Tuesday, June 17, 2008

Somewhere over the rainbow

One of my most enduring memories as a child is of watching The Wizard of Oz during lunch times in prep grade. I was in my most joyous of worlds then, sitting waiting for *oh the thrill of it all* my lunch order to arrive in the sandwich basket with everyone else's.

The rustle of the brown paper bags, the sheer excitement of finding mine with my mum's handwriting on it.

"1 x egg and lettuce sandwich"
"1 x chocolate milk"

Oh my God, I thought I might faint with happiness over my finely shredded lettuce and egg with salt and lashings of butter white bread sandwich. So many carb's. So little care to know what they were then. And the chockie milk? The day I discovered the little side flap on the side of the Big M carton, after Shane poked his straw in his, I think I must've let out an audible "eeek!!" I'm sure I would have.

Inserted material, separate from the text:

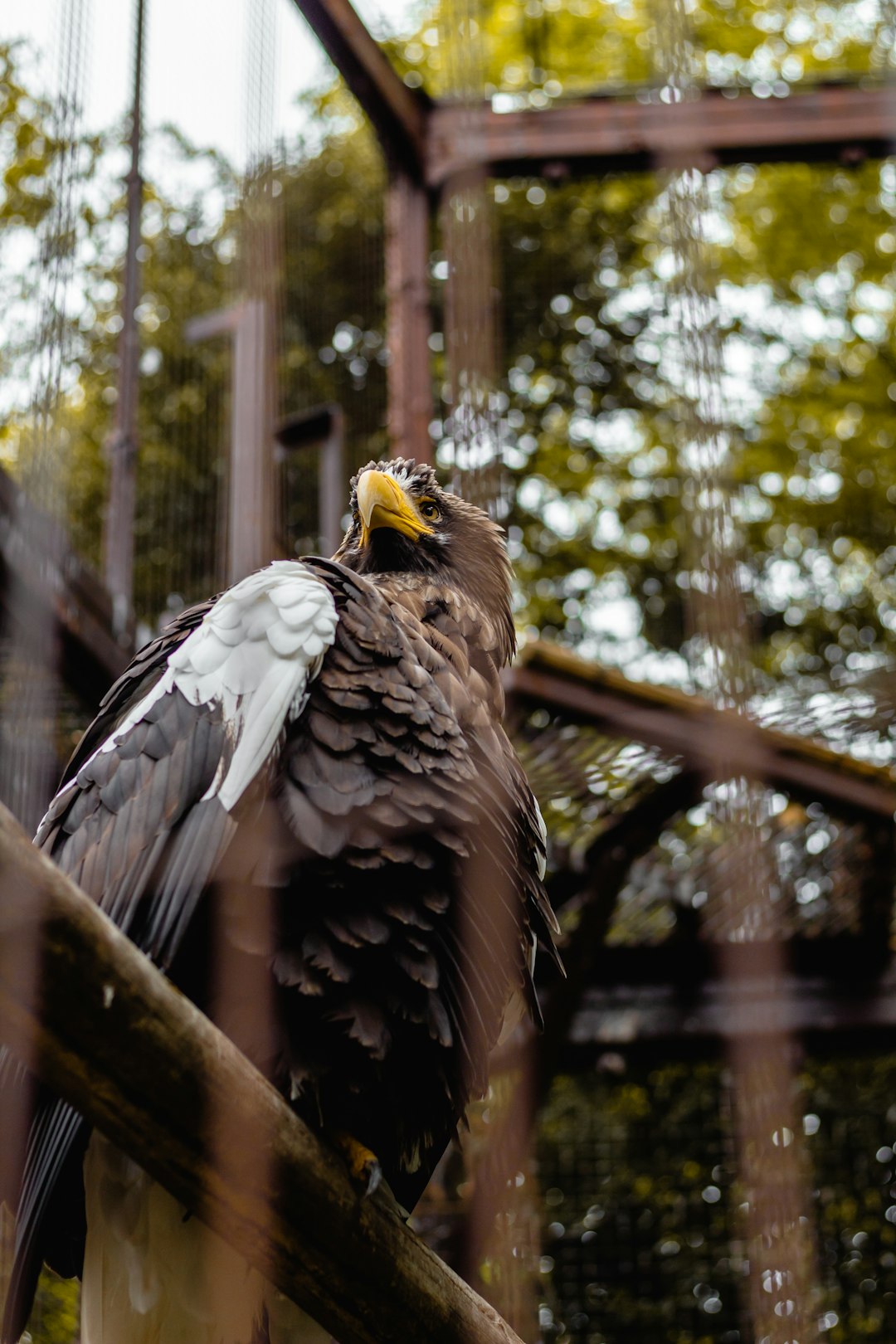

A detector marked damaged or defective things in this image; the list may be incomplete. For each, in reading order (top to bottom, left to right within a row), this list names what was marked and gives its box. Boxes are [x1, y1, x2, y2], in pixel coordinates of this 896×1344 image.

rusty metal pole [106, 0, 148, 642]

And then Mrs Pritchard would trundle out a big silver TV on the trolley from the library. We'd sit crinkling our lunches in our desks, waiting for the screen to warm up. Remember that? TV's with screens that had to warm up? For, like, about ten minutes?

Such a beautiful, timeless story with a gorgeous, layered meaning. I love The Wizard of Oz. No remake or spin-off could ever, ever beat the original.

Today, after watching a tribute to the song that's been around for a few years now, from a buddy who sent this through, I clicked on the Judy Garland version. And a certain little LGBB, next to me, who was protesting at the end of the "RAINBOWS!! Where's rainbows gorn??" song, suddenly came over very mesmerised. She was literally absorbed into the computer screen. And not in a Hi-5 kind of way either. No, this was different. This was really endearing. I was so fascinated to see her facial responses to Dorothy and Toto! The smiles, the head sways and the eyebrow lifts and flickers. It just shows the sheer brilliance of the song itself, but also that very talented actress, Judy Garland, that a child in this age of bright, in-your-face colour and entertainment can be so impressed and engrossed by a simple black and white hissing picture of a plain looking farm girl singing to her little dog.

Did I mention? I loved Judy. Really loved her, as a kid, in all her early movies. Especially this one.